_Task requirements_
Output only the stretch of the listing that starts at the line containing "Folding Tactical Black" and ends at the line containing "TWO FOUR-DRAWER VINTAGE", reproduced exactly with both ends.

_Supplied material_
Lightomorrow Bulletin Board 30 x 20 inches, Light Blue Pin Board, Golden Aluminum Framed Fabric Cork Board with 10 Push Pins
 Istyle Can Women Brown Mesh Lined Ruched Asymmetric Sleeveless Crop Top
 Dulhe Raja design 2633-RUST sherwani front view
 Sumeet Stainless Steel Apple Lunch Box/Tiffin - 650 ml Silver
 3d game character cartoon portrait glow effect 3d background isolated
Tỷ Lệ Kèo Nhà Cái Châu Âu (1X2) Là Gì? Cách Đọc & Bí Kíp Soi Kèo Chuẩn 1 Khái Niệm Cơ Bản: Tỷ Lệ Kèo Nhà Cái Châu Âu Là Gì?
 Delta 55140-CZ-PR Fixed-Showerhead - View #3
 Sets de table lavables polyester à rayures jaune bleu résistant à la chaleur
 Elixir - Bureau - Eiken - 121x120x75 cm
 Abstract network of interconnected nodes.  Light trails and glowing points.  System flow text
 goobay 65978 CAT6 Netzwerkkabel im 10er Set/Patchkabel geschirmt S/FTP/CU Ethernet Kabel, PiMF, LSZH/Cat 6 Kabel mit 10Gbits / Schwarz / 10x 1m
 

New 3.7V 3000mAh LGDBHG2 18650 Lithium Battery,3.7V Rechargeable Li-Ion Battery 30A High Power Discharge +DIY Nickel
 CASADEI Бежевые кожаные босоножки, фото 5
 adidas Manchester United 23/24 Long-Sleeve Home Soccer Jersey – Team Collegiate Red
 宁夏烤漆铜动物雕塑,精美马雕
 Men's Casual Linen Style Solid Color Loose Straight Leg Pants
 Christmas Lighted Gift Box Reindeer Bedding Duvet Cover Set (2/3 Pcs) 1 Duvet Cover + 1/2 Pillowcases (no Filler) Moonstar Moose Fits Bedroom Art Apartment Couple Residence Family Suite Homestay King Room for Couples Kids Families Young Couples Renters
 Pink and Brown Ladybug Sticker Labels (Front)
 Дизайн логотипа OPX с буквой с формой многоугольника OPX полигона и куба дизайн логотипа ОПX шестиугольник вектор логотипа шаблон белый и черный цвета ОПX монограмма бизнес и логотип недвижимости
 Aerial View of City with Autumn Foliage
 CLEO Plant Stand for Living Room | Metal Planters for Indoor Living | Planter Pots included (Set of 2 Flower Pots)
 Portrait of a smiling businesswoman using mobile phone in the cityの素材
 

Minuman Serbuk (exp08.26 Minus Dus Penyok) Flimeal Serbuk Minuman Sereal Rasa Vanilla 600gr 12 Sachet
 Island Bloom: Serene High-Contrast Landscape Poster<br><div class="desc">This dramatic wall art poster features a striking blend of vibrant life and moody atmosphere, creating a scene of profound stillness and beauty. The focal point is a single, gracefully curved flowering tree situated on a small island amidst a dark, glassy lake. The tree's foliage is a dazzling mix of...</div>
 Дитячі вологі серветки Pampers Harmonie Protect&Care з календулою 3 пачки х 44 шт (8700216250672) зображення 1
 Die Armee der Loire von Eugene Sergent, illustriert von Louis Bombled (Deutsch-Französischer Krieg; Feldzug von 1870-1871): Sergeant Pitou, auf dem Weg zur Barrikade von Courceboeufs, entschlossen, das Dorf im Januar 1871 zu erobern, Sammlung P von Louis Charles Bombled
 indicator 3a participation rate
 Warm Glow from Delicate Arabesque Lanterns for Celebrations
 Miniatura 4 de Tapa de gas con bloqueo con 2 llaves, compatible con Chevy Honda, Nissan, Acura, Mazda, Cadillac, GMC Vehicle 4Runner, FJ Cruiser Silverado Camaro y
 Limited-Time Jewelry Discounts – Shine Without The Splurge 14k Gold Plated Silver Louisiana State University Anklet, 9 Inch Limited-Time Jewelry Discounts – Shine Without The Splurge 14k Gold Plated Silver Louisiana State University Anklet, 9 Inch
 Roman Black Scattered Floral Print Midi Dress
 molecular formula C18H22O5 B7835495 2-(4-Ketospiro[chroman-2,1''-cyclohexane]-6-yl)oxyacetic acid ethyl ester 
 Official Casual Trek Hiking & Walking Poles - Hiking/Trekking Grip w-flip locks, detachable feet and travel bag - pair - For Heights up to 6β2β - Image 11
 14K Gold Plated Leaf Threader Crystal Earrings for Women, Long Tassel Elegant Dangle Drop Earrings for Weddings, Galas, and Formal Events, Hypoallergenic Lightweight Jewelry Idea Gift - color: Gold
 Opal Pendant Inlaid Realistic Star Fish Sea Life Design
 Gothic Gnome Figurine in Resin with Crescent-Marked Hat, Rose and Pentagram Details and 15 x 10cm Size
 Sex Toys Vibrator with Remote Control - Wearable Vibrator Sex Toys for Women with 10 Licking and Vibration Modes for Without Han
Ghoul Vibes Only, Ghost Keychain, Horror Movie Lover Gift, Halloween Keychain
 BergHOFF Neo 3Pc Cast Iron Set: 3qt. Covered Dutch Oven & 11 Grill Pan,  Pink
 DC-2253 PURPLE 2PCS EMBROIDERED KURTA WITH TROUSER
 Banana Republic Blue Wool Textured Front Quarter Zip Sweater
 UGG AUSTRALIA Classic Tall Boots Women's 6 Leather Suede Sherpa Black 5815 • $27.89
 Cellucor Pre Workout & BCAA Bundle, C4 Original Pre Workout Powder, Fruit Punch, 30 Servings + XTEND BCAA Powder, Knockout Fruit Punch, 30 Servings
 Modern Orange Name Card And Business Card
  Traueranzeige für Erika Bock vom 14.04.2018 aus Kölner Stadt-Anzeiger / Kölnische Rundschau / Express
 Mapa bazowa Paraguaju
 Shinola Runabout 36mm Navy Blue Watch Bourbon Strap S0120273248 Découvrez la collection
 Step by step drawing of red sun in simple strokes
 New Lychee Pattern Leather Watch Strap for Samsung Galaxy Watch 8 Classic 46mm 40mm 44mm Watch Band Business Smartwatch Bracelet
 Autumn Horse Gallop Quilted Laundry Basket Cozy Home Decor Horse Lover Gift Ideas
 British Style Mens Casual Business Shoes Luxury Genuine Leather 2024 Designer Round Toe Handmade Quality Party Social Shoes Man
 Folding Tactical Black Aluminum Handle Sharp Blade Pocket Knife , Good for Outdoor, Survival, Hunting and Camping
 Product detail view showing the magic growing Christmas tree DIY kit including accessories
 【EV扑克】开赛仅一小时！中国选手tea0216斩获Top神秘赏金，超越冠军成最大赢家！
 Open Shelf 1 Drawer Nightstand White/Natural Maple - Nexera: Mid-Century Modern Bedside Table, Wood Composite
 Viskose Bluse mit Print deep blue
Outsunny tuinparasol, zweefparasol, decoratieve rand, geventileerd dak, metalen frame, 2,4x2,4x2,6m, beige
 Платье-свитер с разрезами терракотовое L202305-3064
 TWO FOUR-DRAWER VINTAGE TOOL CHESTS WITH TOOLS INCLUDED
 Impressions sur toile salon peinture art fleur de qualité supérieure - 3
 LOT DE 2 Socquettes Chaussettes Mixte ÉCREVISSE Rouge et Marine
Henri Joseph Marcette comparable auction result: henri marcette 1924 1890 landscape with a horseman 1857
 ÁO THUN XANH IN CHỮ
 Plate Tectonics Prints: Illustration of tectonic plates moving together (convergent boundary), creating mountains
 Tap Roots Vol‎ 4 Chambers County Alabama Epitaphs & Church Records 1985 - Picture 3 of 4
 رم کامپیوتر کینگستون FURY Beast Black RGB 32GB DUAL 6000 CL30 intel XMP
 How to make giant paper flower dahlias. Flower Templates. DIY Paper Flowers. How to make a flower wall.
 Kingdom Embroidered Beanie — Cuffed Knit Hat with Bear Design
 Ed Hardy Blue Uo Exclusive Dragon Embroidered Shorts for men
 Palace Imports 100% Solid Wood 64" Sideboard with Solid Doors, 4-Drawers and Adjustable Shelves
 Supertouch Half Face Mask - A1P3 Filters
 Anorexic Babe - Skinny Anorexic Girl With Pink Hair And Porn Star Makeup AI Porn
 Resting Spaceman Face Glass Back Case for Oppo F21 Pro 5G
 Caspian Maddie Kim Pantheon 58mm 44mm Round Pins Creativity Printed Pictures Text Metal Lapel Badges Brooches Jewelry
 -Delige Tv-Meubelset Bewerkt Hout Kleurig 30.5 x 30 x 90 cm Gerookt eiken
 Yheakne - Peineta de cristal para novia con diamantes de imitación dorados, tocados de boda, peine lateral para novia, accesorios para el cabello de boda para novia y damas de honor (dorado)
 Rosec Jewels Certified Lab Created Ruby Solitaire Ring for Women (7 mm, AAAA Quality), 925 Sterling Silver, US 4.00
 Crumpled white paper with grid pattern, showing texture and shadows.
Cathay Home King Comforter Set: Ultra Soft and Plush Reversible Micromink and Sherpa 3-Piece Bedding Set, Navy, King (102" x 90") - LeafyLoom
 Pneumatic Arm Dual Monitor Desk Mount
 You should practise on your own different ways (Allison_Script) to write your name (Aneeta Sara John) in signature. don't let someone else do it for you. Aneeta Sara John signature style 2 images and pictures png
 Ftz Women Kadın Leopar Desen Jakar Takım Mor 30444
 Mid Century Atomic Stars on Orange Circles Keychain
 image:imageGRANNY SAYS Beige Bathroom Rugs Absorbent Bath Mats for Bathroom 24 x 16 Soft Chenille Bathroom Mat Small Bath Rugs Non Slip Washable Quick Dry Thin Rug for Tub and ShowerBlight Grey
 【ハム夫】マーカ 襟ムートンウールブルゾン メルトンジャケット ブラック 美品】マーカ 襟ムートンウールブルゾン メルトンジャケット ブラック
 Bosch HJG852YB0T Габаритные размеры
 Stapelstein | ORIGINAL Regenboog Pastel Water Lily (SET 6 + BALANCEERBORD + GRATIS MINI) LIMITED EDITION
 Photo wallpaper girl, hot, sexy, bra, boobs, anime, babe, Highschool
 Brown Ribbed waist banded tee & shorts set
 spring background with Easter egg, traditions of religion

_Exercise output_
 Folding Tactical Black Aluminum Handle Sharp Blade Pocket Knife , Good for Outdoor, Survival, Hunting and Camping
 Product detail view showing the magic growing Christmas tree DIY kit including accessories
 【EV扑克】开赛仅一小时！中国选手tea0216斩获Top神秘赏金，超越冠军成最大赢家！
 Open Shelf 1 Drawer Nightstand White/Natural Maple - Nexera: Mid-Century Modern Bedside Table, Wood Composite
 Viskose Bluse mit Print deep blue
Outsunny tuinparasol, zweefparasol, decoratieve rand, geventileerd dak, metalen frame, 2,4x2,4x2,6m, beige
 Платье-свитер с разрезами терракотовое L202305-3064
 TWO FOUR-DRAWER VINTAGE TOOL CHESTS WITH TOOLS INCLUDED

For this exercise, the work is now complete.